Macronutrients (commonly called "macros") are the three categories of nutrients that provide your body with energy. Every food you eat is made up of some combination of these three:
- Carbohydrates — 4 calories per gram. Your body's preferred energy source, especially for high-intensity activity and brain function. Found in grains, fruits, vegetables, legumes, and sugars.
- Protein — 4 calories per gram. The building block of muscle, skin, hair, enzymes, and immune cells. Found in meat, fish, eggs, dairy, beans, and soy products.
- Fat — 9 calories per gram. Essential for hormone production, vitamin absorption (A, D, E, K), cell membrane structure, and brain health.
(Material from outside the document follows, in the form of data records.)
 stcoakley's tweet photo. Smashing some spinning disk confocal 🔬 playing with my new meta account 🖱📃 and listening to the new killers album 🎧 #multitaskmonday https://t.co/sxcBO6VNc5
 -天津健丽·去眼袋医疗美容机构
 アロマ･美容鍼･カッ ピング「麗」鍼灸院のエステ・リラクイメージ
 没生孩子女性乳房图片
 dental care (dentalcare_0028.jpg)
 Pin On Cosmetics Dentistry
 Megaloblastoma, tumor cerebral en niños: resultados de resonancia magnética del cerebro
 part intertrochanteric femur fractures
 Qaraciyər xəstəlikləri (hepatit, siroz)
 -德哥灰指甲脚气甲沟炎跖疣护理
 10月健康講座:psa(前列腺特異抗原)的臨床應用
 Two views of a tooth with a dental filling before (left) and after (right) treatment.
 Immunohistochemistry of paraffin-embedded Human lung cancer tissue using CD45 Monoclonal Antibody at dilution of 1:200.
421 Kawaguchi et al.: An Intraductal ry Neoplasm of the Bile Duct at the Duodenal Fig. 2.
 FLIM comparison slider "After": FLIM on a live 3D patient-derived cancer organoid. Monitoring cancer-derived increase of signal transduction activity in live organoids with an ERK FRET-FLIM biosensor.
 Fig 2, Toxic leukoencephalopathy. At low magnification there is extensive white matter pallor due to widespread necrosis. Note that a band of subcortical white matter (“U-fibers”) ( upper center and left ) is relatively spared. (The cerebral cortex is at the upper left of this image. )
Found in oils, butter, nuts, avocado, and fatty fish.
Alcohol is sometimes called a "fourth macronutrient" at 7 calories per gram, but it's not essential and is generally minimized in nutrition planning.
Step 1: Calculate Your Total Daily Energy Expenditure (TDEE)
Before you can set your macros, you need to know how many calories your body burns in a day. This is your Total Daily Energy Expenditure, which combines your Basal Metabolic Rate (BMR) — the energy your body uses at complete rest — with your activity level.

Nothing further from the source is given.